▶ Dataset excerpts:
▶

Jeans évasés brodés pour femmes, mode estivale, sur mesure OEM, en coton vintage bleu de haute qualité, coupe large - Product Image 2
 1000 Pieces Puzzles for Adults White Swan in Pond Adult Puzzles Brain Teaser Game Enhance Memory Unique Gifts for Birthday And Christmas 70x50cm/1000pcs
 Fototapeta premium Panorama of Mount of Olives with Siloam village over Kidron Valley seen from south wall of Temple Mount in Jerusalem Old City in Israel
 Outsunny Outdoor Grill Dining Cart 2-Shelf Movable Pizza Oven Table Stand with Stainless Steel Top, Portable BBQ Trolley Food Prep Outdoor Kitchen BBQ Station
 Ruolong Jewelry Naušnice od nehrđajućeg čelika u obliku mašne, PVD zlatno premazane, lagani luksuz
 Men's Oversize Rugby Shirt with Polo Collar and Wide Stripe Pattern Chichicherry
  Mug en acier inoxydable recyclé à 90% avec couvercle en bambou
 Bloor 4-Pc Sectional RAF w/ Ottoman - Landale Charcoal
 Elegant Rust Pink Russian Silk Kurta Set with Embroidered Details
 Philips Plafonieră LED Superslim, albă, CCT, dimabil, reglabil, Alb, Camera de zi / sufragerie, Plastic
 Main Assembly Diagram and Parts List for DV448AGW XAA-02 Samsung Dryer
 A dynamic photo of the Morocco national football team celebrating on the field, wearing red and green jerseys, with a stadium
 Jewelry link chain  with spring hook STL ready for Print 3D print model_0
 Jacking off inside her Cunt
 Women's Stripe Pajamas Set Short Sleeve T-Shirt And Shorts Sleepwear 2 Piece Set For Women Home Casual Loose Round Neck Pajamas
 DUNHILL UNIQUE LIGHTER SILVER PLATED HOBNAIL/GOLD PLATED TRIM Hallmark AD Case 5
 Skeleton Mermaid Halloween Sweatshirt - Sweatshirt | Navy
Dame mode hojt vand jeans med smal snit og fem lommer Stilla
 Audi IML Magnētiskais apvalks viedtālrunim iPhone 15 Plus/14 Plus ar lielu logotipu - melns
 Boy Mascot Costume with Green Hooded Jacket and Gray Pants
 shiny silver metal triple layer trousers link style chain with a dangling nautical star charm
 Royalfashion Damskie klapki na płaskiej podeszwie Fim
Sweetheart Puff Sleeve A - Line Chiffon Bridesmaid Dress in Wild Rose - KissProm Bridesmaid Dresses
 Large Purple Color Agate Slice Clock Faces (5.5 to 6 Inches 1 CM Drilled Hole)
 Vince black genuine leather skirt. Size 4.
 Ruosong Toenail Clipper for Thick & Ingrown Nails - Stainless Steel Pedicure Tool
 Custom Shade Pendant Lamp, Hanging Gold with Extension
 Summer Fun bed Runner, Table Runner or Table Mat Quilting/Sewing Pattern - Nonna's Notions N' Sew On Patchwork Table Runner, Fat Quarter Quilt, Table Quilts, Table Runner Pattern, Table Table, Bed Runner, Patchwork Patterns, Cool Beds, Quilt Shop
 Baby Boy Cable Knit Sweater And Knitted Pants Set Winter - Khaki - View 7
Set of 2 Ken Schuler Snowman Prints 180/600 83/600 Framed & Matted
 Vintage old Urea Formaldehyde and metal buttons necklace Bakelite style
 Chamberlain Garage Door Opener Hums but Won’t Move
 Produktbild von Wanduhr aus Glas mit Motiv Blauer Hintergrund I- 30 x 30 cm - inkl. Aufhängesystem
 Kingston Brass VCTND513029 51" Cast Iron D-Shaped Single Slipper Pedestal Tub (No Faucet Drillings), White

◀

▶ Exercise brief:
Using the records above, copy word for word the line with "Mug en acier", the line with "Main Assembly Diagram", and every line between them.

▶ Answer area:
  Mug en acier inoxydable recyclé à 90% avec couvercle en bambou
 Bloor 4-Pc Sectional RAF w/ Ottoman - Landale Charcoal
 Elegant Rust Pink Russian Silk Kurta Set with Embroidered Details
 Philips Plafonieră LED Superslim, albă, CCT, dimabil, reglabil, Alb, Camera de zi / sufragerie, Plastic
 Main Assembly Diagram and Parts List for DV448AGW XAA-02 Samsung Dryer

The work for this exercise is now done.